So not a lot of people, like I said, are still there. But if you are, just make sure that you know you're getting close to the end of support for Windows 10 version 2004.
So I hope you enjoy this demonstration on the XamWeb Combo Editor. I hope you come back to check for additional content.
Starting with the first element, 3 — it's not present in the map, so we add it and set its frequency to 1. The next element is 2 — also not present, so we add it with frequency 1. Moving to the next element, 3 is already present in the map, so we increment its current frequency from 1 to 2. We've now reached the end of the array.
...
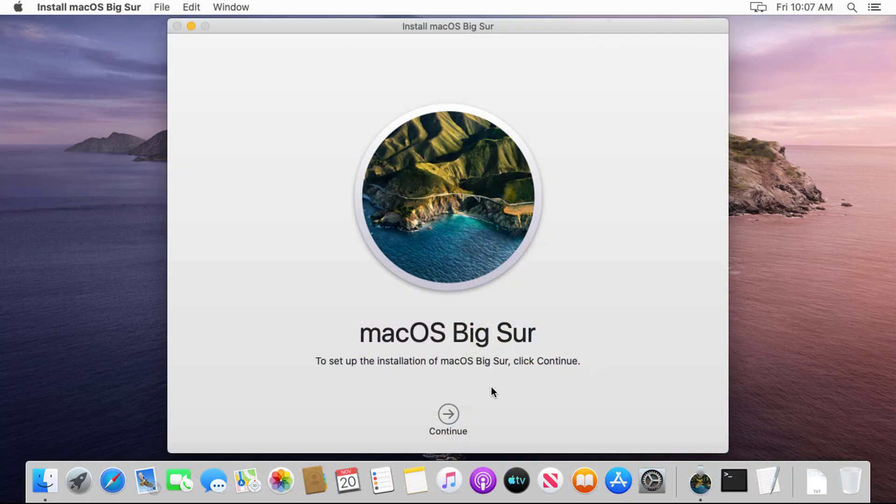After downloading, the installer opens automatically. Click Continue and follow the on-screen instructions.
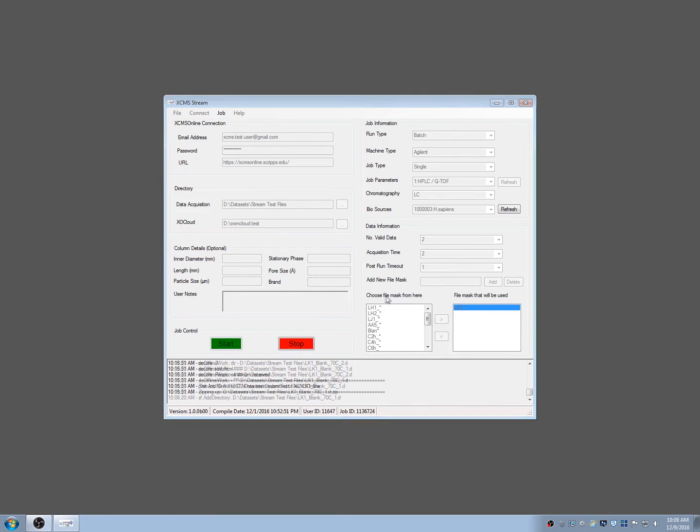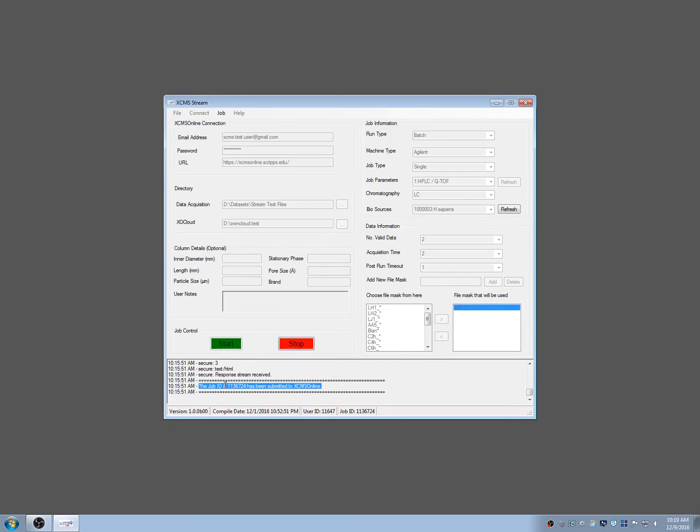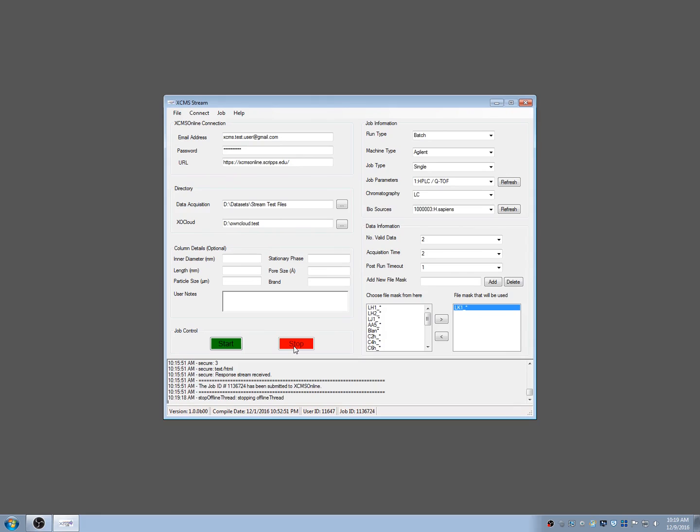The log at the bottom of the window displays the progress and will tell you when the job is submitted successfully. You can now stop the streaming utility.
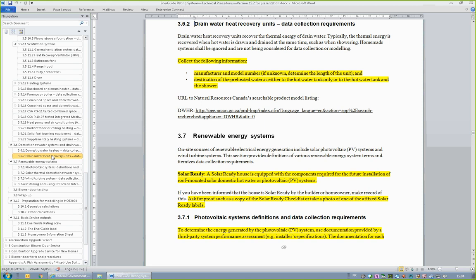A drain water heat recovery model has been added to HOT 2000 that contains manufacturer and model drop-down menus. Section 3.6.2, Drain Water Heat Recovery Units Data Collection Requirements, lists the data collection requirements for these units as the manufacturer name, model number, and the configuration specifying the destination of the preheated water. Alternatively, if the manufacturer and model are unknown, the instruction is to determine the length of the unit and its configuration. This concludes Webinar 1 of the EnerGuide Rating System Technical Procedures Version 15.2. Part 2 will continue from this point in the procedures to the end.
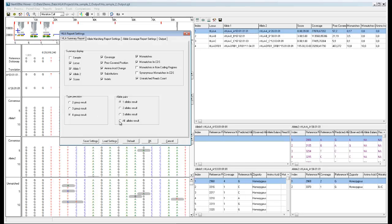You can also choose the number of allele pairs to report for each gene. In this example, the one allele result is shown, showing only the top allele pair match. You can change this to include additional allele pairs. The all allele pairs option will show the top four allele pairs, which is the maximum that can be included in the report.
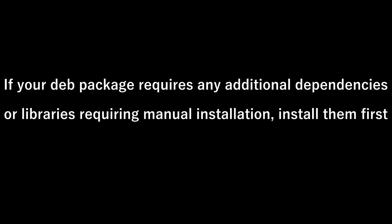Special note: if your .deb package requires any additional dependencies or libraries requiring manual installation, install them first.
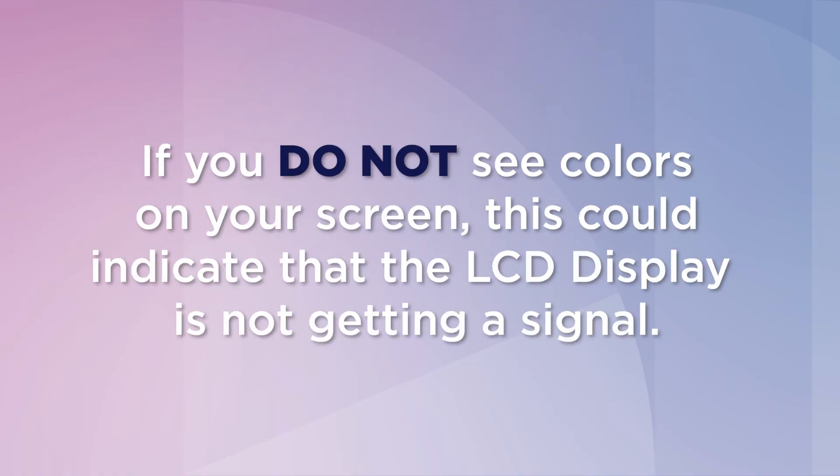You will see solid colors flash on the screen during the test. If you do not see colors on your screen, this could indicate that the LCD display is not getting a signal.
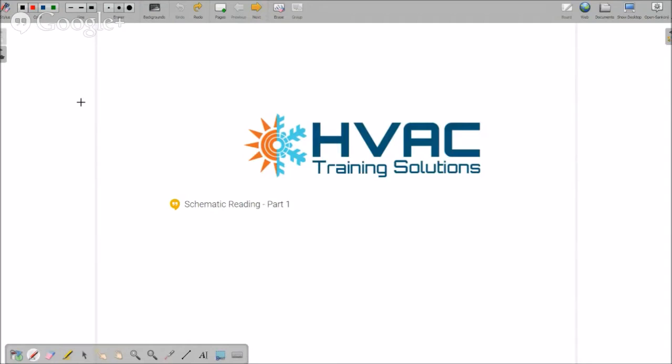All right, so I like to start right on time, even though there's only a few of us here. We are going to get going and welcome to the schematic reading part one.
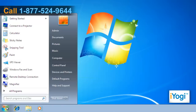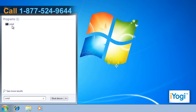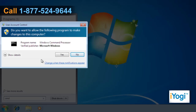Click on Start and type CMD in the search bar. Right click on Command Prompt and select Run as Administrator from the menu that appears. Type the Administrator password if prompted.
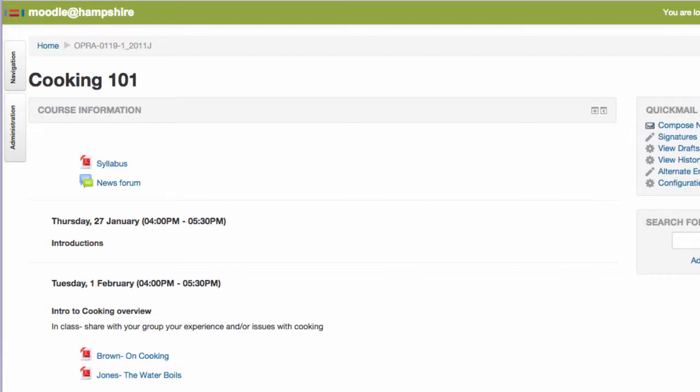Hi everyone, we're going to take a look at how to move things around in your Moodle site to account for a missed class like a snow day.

** WORK REQUIRED **
Above are records; repeat only the lines from the line with "Click on Start" through the line with "Hi everyone, we're", and leave pictures out.

** RESPONSE AREA **
Click on Start and type CMD in the search bar. Right click on Command Prompt and select Run as Administrator from the menu that appears. Type the Administrator password if prompted.
Hi everyone, we're going to take a look at how to move things around in your Moodle site to account for a missed class like a snow day.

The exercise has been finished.